Time management is important in the exploration of the world as well, since you have a limited number of moves before you are forced into a showdown with a boss. You have to carefully plan your way choosing the opponents you want to encounter, the different facilities you want to explore or the loot chests you want to open. Each planet is represented by a map, that is randomly generated, and that offers different paths.
Once you have chosen a path, the other option becomes inaccessible, forcing you to move forward. The day/night cycle is governed by the limited number of attempts to access different areas. Once your attempts are used up, the time of the day will automatically change to night, allowing you to collect hidden resources left behind by your vanquished foes or to explore facilities available only after sunset. The last mandatory action is camping, a nice addition to the pace of the game.
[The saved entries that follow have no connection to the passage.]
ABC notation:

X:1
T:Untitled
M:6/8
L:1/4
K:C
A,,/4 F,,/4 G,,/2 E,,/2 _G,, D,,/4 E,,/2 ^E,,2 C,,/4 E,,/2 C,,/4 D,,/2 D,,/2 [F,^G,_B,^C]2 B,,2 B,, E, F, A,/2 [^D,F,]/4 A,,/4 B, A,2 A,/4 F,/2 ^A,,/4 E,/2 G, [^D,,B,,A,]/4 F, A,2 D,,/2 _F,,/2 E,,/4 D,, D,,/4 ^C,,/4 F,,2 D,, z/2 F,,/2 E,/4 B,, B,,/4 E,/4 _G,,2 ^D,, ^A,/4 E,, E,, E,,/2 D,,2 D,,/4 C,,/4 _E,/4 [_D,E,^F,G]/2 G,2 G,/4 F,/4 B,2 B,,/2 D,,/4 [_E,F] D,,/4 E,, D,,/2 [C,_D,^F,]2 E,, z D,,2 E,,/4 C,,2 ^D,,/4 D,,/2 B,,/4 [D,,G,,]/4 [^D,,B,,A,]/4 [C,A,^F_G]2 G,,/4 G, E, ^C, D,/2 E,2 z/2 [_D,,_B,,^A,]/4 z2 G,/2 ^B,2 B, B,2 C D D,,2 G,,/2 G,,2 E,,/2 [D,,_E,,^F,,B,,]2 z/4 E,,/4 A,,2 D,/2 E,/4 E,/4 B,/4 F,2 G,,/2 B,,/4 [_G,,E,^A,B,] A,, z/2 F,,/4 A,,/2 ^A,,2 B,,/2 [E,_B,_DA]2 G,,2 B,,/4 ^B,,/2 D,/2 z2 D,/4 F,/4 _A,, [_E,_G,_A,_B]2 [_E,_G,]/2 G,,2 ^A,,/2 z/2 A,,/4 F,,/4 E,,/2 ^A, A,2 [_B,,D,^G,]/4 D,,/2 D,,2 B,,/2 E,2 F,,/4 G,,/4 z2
After all the excitement, our heroes can sit down over a campfire and exchange cards that grant permanent or limited-time bonuses. Through these cards you increase the bond between your heroes, you discover more about their background story, and can even unlock special team moves.
It may all sound a bit complicated, but the mechanics are interconnected in a way that not only makes sense but is easy to learn as well. Being an RPG, the new equipment pieces and the level-up process unlocking new and more powerful skills are mandatory elements as well.
Star Renegades does not disappoint, making the choices related to ability upgrades and equipment improvements, feel significant. But sometimes despite the best equipment and the skills honed to the max, you will fail due to a wrong move or an unforeseen boss behavior. In this case, you are wiped out, teleported back to base with only your droid remaining intact. But your efforts will not be completely in vain: you will be able to recruit more powerful heroes in your starting team, purchase better and better equipment for them, and access other surprises you will have to discover for yourself.
Another consequence of your actions is that some of the special units you failed to beat will be promoted in the ranks of the alien army, becoming more powerful. This mechanic resembles the Nemesis system introduced by Shadow of Mordor, and adds a nice twist to the gameplay, making things even more difficult. We have to admit, Star Renegades was not intended to be an easy game even on the lower difficulty levels.
The entire concept is based on the idea that at one point you will fail, you will have to dust yourself off and go at it again. How hard the game proves to be is based mainly on you and the path you chose, Star Renegades rewarding the player for tackling harder challenges, but also sending you back to square one if you fail.
The visuals of the game are gorgeous if you like the pixel art style. It reminds us of the corny action movies of the ‘80s, especially when it comes to the cutscenes and the character design. The visual and sound FX of the game reinforces this approach the result being corny, but nostalgic in the best way possible. The music is in perfect sync with the action from the screen and immerses you in the sci-fi theme of the entire game. That being said, it is a shame that there is no voice acting to further enhance the overall effect.
Star Renegades although borrows many elements from other games, manages to feel fresh and entertaining. It offers plenty of content, and though you will have to go through several attempts to crack it, the game manages to avoid feeling repetitive.
The deep combat system, the different heroes, the procedurally generated maps, the different difficulty levels all contribute to the high replay value of the game. Star Renegades builds on the nostalgic factor and is targeting mainly the fans of TBT, but it proves to be enjoyable by anyone who decides to try it.